In R. v. Pierre (Ont CA, 2025) the Ontario Court of Appeal allowed a criminal appeal, here from a conviction for second-degree murder.

Here the court considers evidentiary 'reasoning rules', here in a mixed jury charge/after-the-fact conduct/circumstantial evidence context:
THE GENERAL LEGAL PRINCIPLES

[50] The rules of evidence are generally thought of as being about admissibility. That is their characteristic role, but many of the rules of evidence address the use that can or should be made of evidence that has been admitted (the “reasoning rules”). The admission of the after-the-fact conduct evidence in this case is not in issue before us. This appeal concerns the reasoning rules that apply to after-the-fact conduct evidence.
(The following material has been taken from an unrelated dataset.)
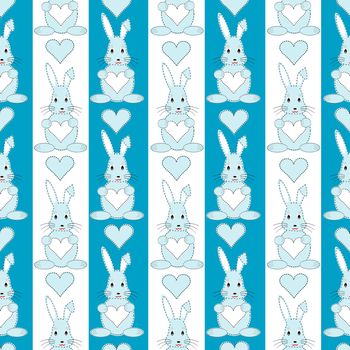 Blue and white seamless pattern with bunny for baby boys, wrapping paper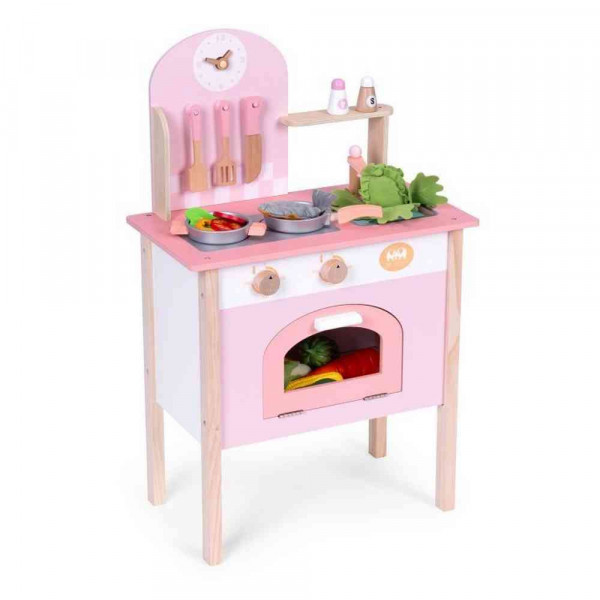 DEČIJA KUHINJA PINK SA 2 DODATAKA RERNOM SLAVINOM I SUDOPEROM ECOTOYS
Those rules, which are most readily seen in jury trials in the form of required or suggested jury directions, originated to address unique reasoning risks that after-the-fact conduct evidence can give rise to: Calnen, at para. 116; R. v. Ethier, 2023 ONCA 600, 30 C.C.C. (3d) 121, at para. 57.

[51] Specifically, as circumstantial evidence, after-the-fact conduct evidence is often capable of supporting inferences not only about the material issue for which it has been received but for other purposes. Judicial experience has shown that some of the inferences that it may provoke are illogical or unfair, and that after-the-fact conduct evidence can be prone to receiving more weight than it warrants, in part because much of it discloses discreditable conduct by the accused. It can cause jurors to “jump to questionable conclusions” without the assistance of shared judicial experience: Calnen, at para. 116. Unless educated about the relevant risks, jurors are not apt to identify them and may engage in unfair reasoning. The law has therefore developed both “warnings” (cautionary instructions alerting jurors to reasoning dangers), and “limiting instructions” (directions to jurors to limit the use to which they put the evidence by telling them that “they must not consider the evidence for one or several purposes”): R. v. White, 2011 SCC 13, [2011] 1 S.C.R. 433 (“White (2011)”), at para. 34. Depending on the circumstances of the case, the failure to give either a warning or a limiting instruction can constitute reversible error where the failure to provide a warning or limiting instruction may leave the door open to juror reasoning errors.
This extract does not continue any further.